## Work to be completed
Would you please transcribe the data in full and exactly, excluding images?

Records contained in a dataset
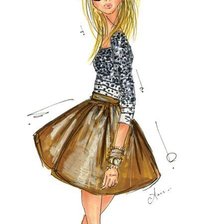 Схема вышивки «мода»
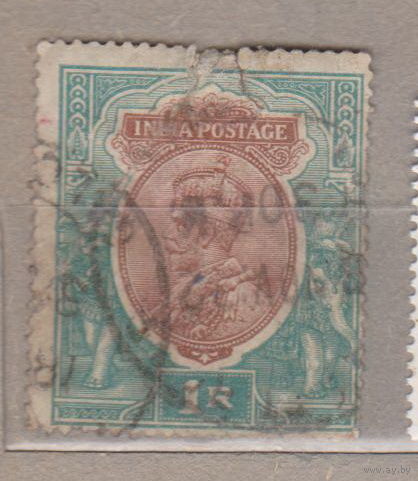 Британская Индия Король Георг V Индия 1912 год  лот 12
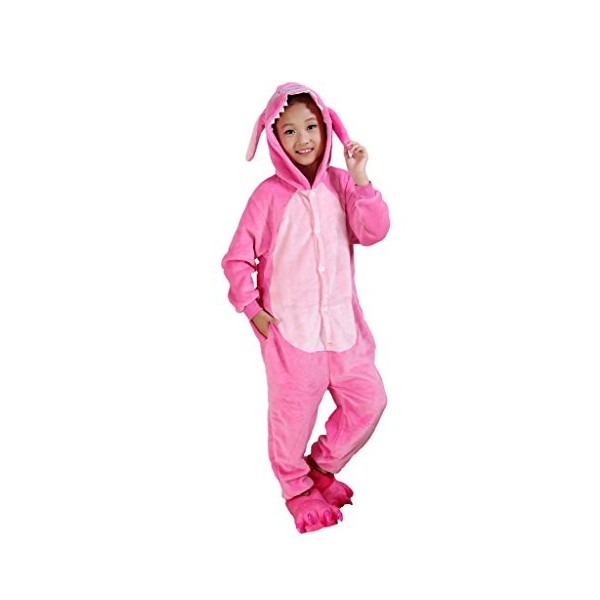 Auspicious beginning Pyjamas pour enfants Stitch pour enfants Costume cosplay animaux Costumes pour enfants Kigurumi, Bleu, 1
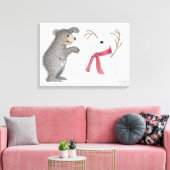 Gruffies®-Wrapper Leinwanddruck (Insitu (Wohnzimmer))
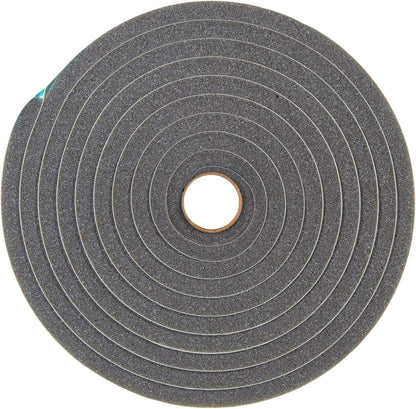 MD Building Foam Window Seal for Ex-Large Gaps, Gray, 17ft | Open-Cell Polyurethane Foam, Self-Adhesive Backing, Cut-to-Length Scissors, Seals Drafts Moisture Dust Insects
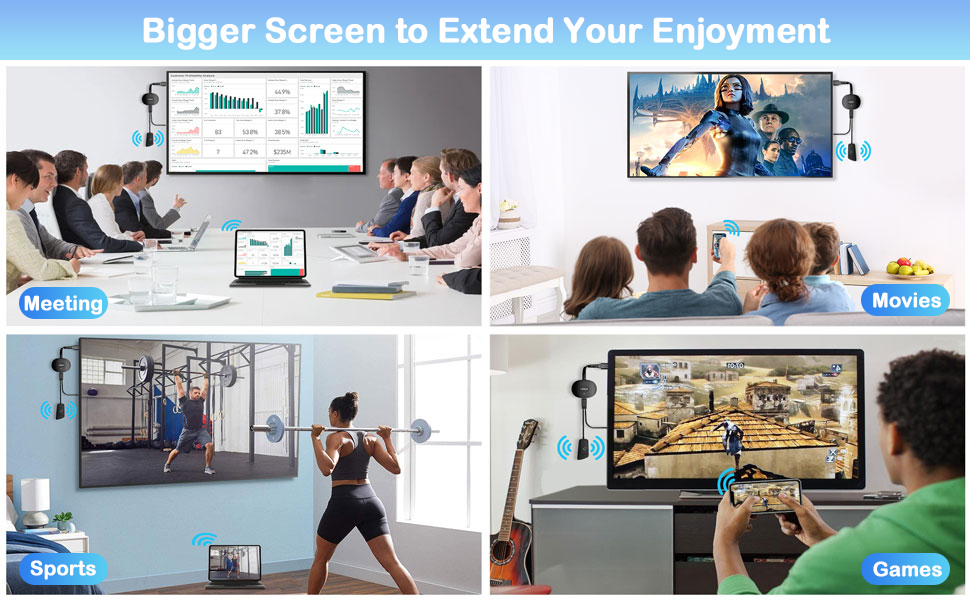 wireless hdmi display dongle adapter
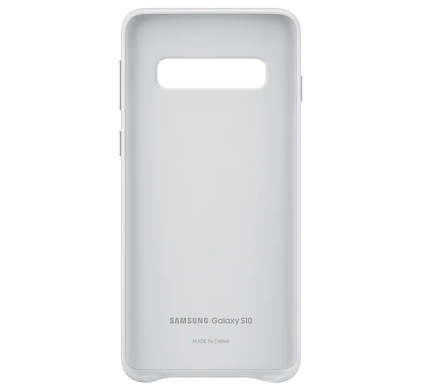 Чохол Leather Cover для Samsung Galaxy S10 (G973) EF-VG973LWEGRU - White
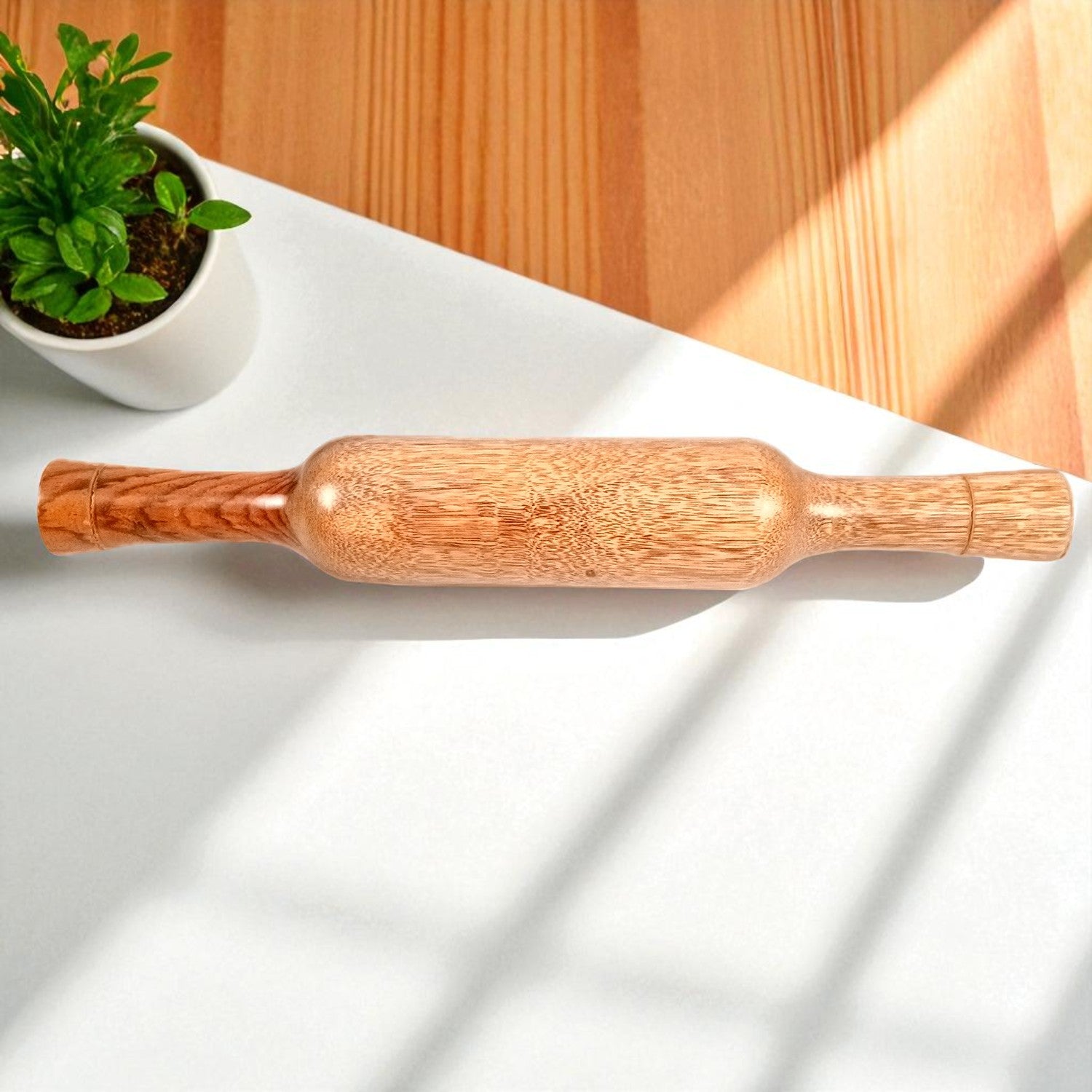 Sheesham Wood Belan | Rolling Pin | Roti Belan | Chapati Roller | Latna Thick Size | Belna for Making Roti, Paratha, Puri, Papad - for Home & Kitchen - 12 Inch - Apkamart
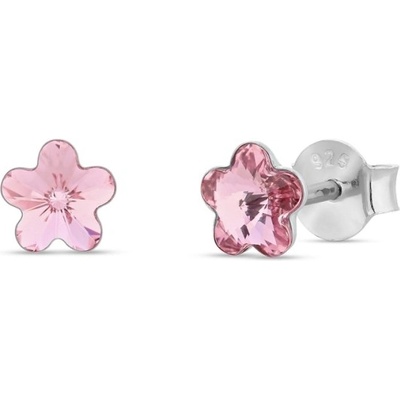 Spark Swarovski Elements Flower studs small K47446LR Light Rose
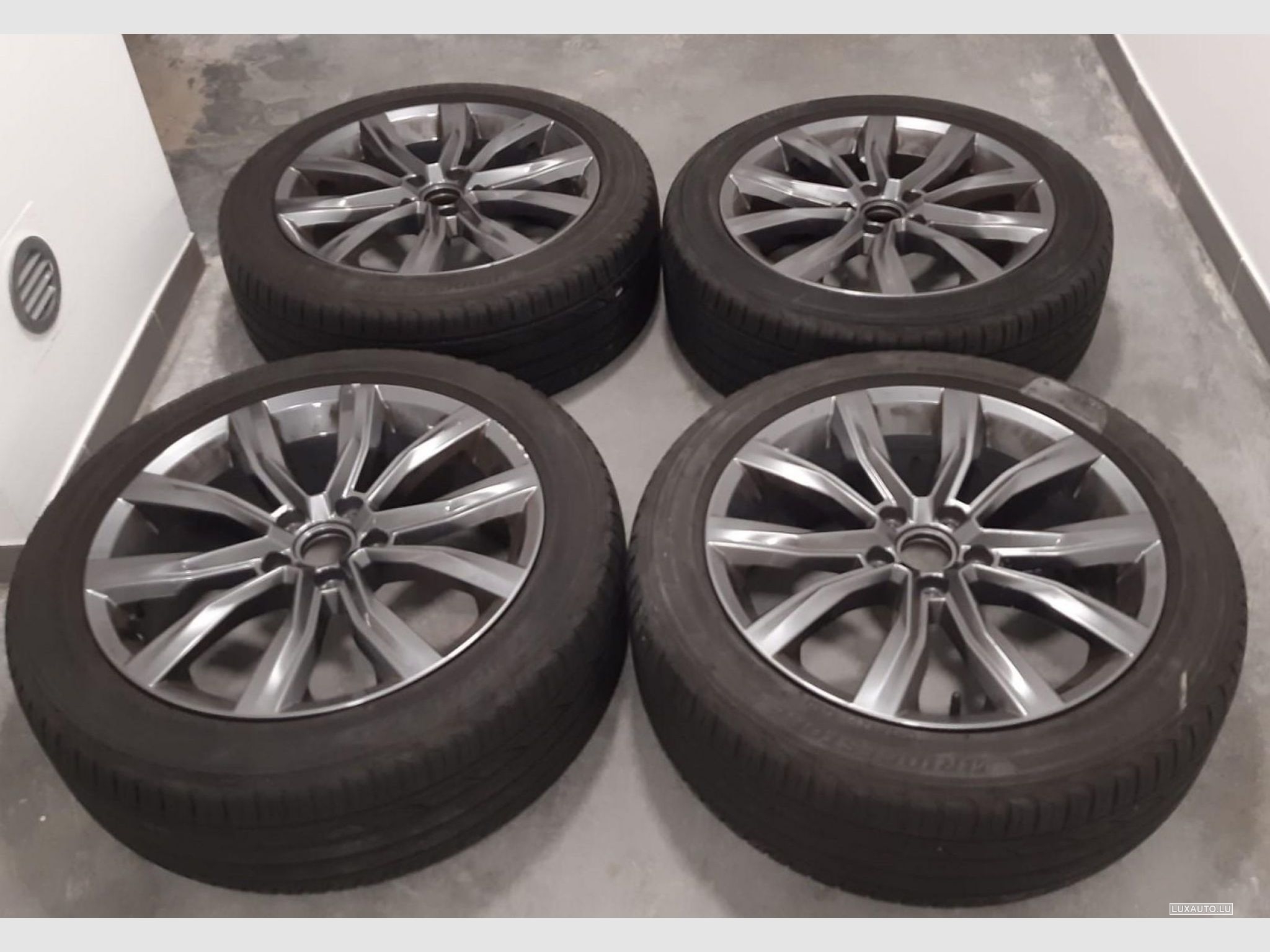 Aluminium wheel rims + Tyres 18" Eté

## Your solution
 Схема вышивки «мода»
 Британская Индия Король Георг V Индия 1912 год  лот 12
 Auspicious beginning Pyjamas pour enfants Stitch pour enfants Costume cosplay animaux Costumes pour enfants Kigurumi, Bleu, 1
 Gruffies®-Wrapper Leinwanddruck (Insitu (Wohnzimmer))
 MD Building Foam Window Seal for Ex-Large Gaps, Gray, 17ft | Open-Cell Polyurethane Foam, Self-Adhesive Backing, Cut-to-Length Scissors, Seals Drafts Moisture Dust Insects
 wireless hdmi display dongle adapter
 Чохол Leather Cover для Samsung Galaxy S10 (G973) EF-VG973LWEGRU - White
 Sheesham Wood Belan | Rolling Pin | Roti Belan | Chapati Roller | Latna Thick Size | Belna for Making Roti, Paratha, Puri, Papad - for Home & Kitchen - 12 Inch - Apkamart
 Spark Swarovski Elements Flower studs small K47446LR Light Rose
 Aluminium wheel rims + Tyres 18" Eté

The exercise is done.